Fannie Mae is on track to meet its September deadline to reach the 30% capital surcharge set by the Office of Federal Housing Enterprise Oversight, UBS analysts said in a report released last week. This is why concerns about a massive portfolio selling by Fannie are "misplaced," analysts added.
Estimating the extent to which Fannie Mae needs to decrease its portfolio between now and the GSE's September deadline, the 30% capital surcharge will be equal to $9.29 billion with the effective capital charge at 3.25%. The GSE has a $4.04 billion capital surplus and will be internally accumulating an additional $1.7 billion per quarter or $3.4 billion for the next two quarters, leaving a $1.85 billion capital deficit. In April, Fannie Mae reduced its portfolio size by roughly $12.5 billion, leaving under $45 billion in necessary reductions, out of the $57 billion it needed to shed as of the end of March. In order to achieve this, Fannie will have to reduce its portfolio an average of $9 billion per month, which is less than the $13 billion a month that Fannie shrunk in the first four months of the year.
And even with the market rallying significantly since the end of the first quarter -- negatively impacting the GSE's capital position due to the derivative hedges that have to be marked-to-market - the shrinkage will still have to be only about $13 billion a month which is the level that Fannie has averaged this year.
"Our numbers suggest that the portfolio reductions which Fannie Mae absolutely must do are less than the reductions they have done thus far this year; hence we view with credulity OFHEO's statement that Fannie is on target to meet the September requirement," wrote UBS analysts. "In fact, we believe that portfolio reductions are apt to continue at the current pace, as the market has rallied considerably since the end of March, requiring larger mark-to-market losses on its hedges."

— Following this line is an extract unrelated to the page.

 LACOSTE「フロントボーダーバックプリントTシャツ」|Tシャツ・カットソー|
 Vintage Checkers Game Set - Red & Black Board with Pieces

UBS's analysis effectively rules out the market speculation that Fannie might need to significantly lessen its mortgage holdings just to meet its Sept. 30, capital requirements, thus negatively impacting mortgage buying. Analysts also noted as positive the passing of the Baker-Oxley Bill (H.R. 1461), the House of Representative's version of the GSE Reform Bill. This is seen as GSE-friendly as it excludes caps on GSE portfolio growth of any kind.